Change the legend entries

Now, we will change the labels in the legend. If your legend is already correctly labelled, skip Steps 6–9.

Figure 6.8d Now, we will change the labels in the legend. If your legend is already correctly labelled, skip Steps 6–9.

Change the legend entries

After changing the name of the data series, the label in the legend will change.

Figure 6.8e After changing the name of the data series, the label in the legend will change.

Change the legend entries

After step 9, your data should now be correctly labelled in the chart legend.

Figure 6.8f After step 9, your data should now be correctly labelled in the chart legend.

Remove the outliers (optional)

Excel shows any observations that are greater than 1.5 times the box width (in absolute value) separately as outliers. If your chart is too cluttered with outliers, you can remove them to make your chart more readable.

Figure 6.8g Excel shows any observations that are greater than 1.5 times the box width (in absolute value) separately as outliers. If your chart is too cluttered with outliers, you can remove them to make your chart more readable.

From the manufacturing data, firms in the US seem to be managed better (on average) than firms in other countries. To investigate whether this is the case in other sectors, we will use data gathered on hospitals and schools.

1. Using the data for hospitals and schools (AMP_graph_public.csv):
• Create a table for hospitals and schools, showing the mean management score and criteria score (monitoring, targets, incentives) for each country, as in Figure 6.2a. (Hint: You may find it helpful to use Excel’s PivotTable option—see Excel walk-through 3.1.)
• Make separate bar charts for hospitals and schools showing the mean overall management score for each country, sorted from highest to lowest, as in Figure 6.1. Are the country rankings similar to those in manufacturing?
• Using your average criteria scores from Question 5(a), suggest some explanations for the observed rankings in either hospitals or schools. (You may find it helpful to research healthcare or educational policies and reforms in those countries to support your explanations.)

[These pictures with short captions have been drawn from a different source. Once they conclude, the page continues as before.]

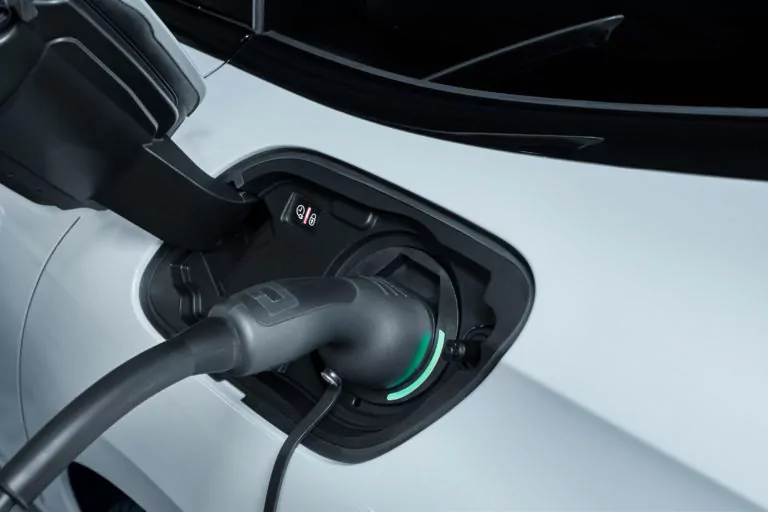Peugeot 508 SW hybrid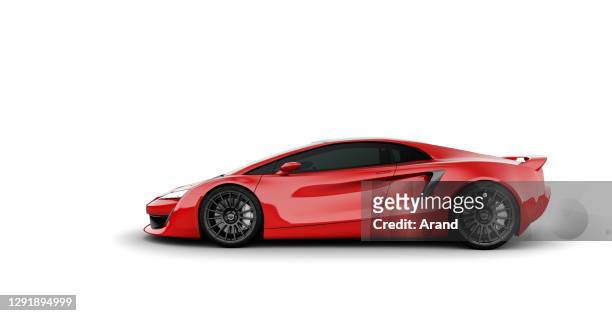 rote sportwagen seitenansicht isoliert auf weiß - seitenansicht stock-fotos und bilder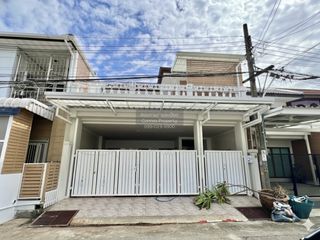 For rent 3 bedrooms townhouse in Bang Kapi, Bangkok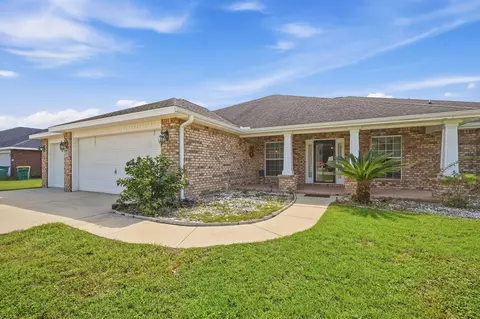 Exterior - 6212 Lapis Ln, Crestview, FL 32539 photo 3 of 12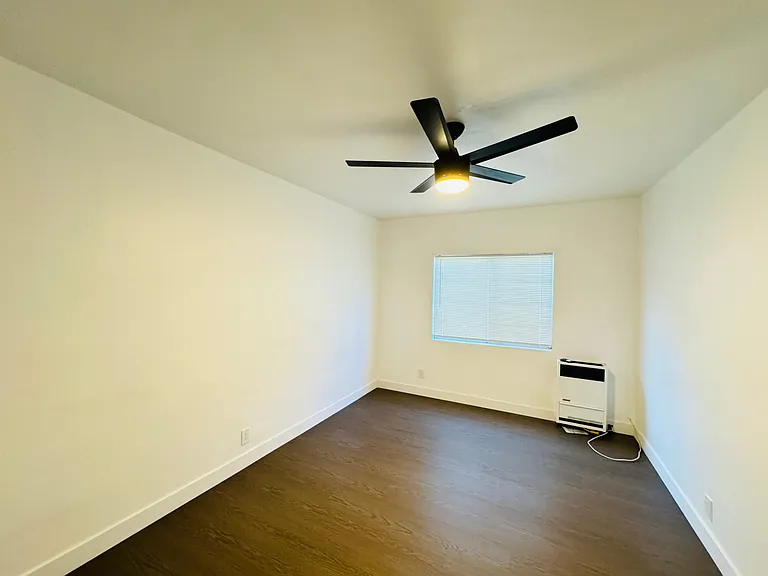 1235 N Vista St #1235 — Photo 2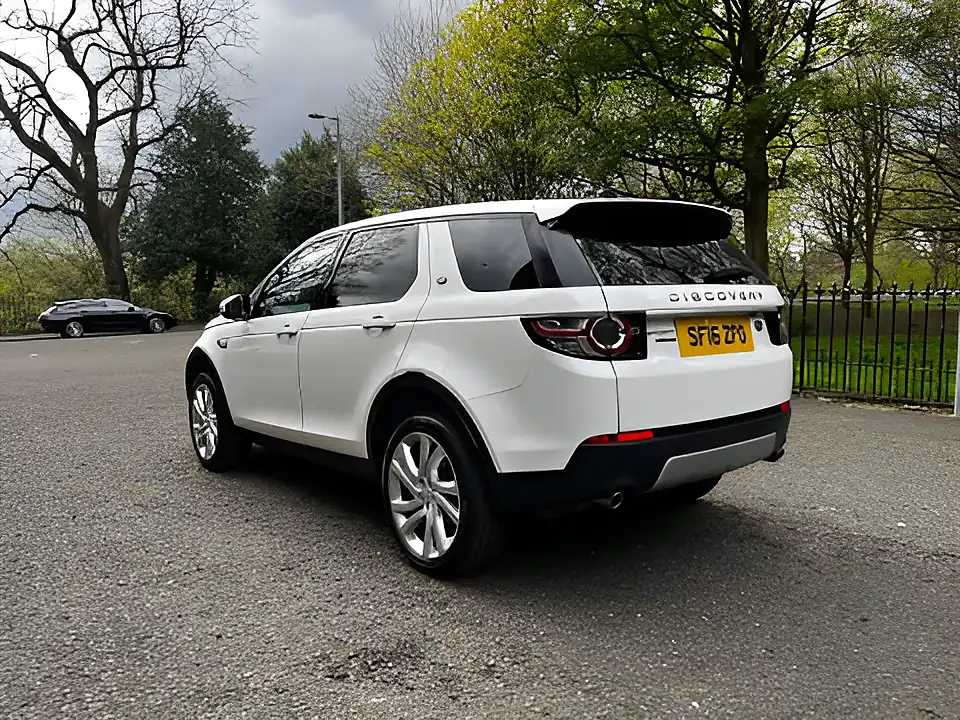 Used 2016 Land Rover Discovery Sport Hse Luxury White - Interior and Exterior details 3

Part 6.2 Are differences in management practices statistically significant?

Using the management survey data collected by Bloom et al. (2012), we can compare average management scores across countries and industries. Rather than simply identifying differences between groups, we are also interested in whether these differences are statistically significant.

confidence interval
A range of values that is centred around the sample value, and is defined so that there is a specified probability (usually 95%) that it contains the ‘true value’ of interest.

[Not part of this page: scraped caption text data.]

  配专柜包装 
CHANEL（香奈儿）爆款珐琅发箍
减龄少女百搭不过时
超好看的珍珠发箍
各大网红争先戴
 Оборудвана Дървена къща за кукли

In Empirical Project 2, we assessed statistical significance using p-values. Now we will assess statistical significance using another method called confidence intervals. These two methods are equivalent, meaning that we would get the same conclusions about statistical significance whichever method we use.

A 95% confidence interval is calculated from the data we observed and is designed so that the true value (for example, the mean of a population) will fall into the interval 95% of the time. Other common confidence intervals used in research studies are 90% and 99% confidence intervals, which are similarly defined. We will use 95% confidence intervals throughout this project.

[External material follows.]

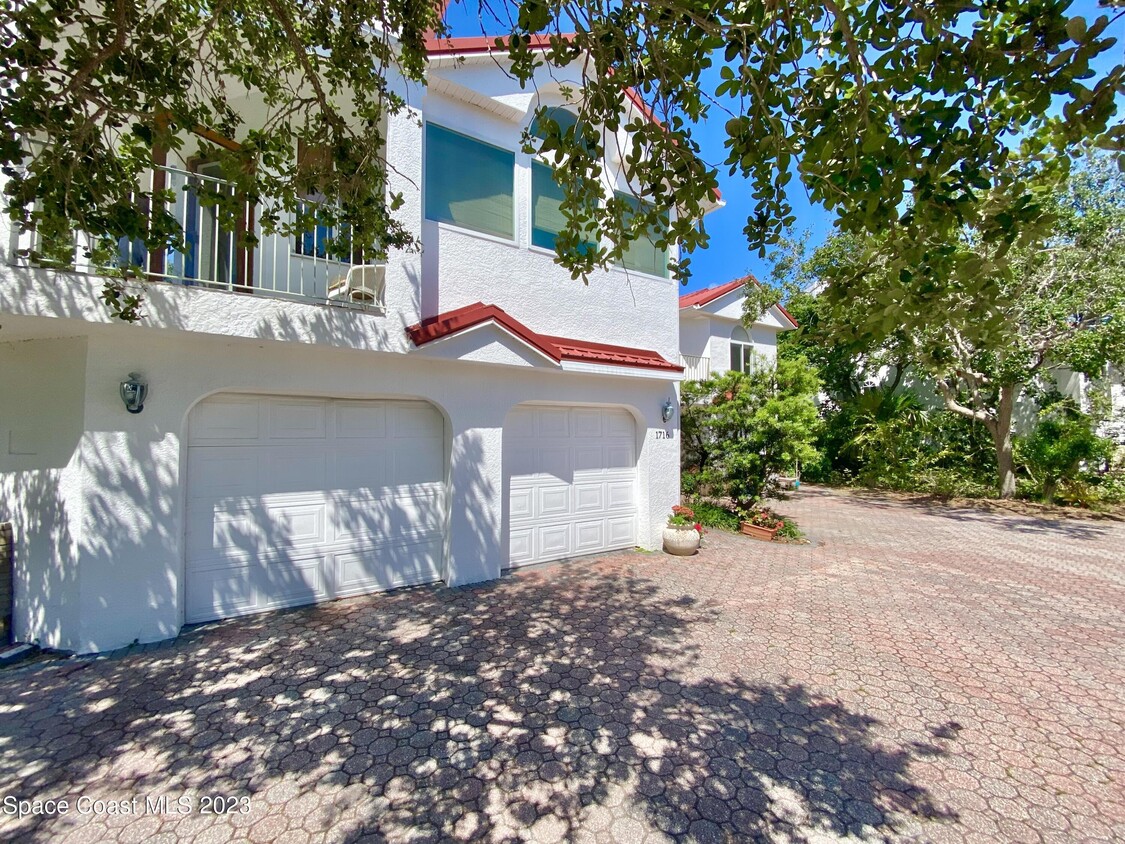 Primary Photo - 1716 St Djorge Ct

What do we mean by the ‘true value’? Remember that we usually work with data that is a small sample from the entire population of interest. For example, the World Management Survey collects information from a selection of all the firms in a particular country. Since we don’t have data on all the firms in every country, we cannot say with certainty that the average management score across all firms in Country A (the ‘true value’) is higher than that of Country B. However, based on the sample of firms we have from Country A and Country B, we can say whether any observed difference in means is likely to be due to chance, and assess how precisely we have estimated the ‘true value’ of the difference and individual means.

To understand the principle behind confidence intervals, think about play­ing ring toss while blindfolded. You try to throw a ring (a confidence interval) so that it lands around a peg (the true value, which depends on the entire population of interest). The peg is fixed in place, so depending on how wide your ring is and where you throw it, the ring may not land around the peg.

To decide, you are given information (your data sample) about the possible location of the peg. The sample mean tells you where to stand. The width of the ring depends on how spread out your data is (the standard deviation), and how many observations you have. If your data has a large standard deviation, you know that the range of possible locations of the peg is wider so you would make your ring wider. The more obser­vations you have, the more information you have about the population of interest and thus the location of the peg, so (ceteris paribus) you can make your ring narrower.

Since you are blindfolded, you will never know if the ring actually landed around the peg. However, you know where to stand (at the sample mean) and how wide to make the ring so that for every 100 tosses, it lands around the peg roughly 95 times (in other words, 95% of the time).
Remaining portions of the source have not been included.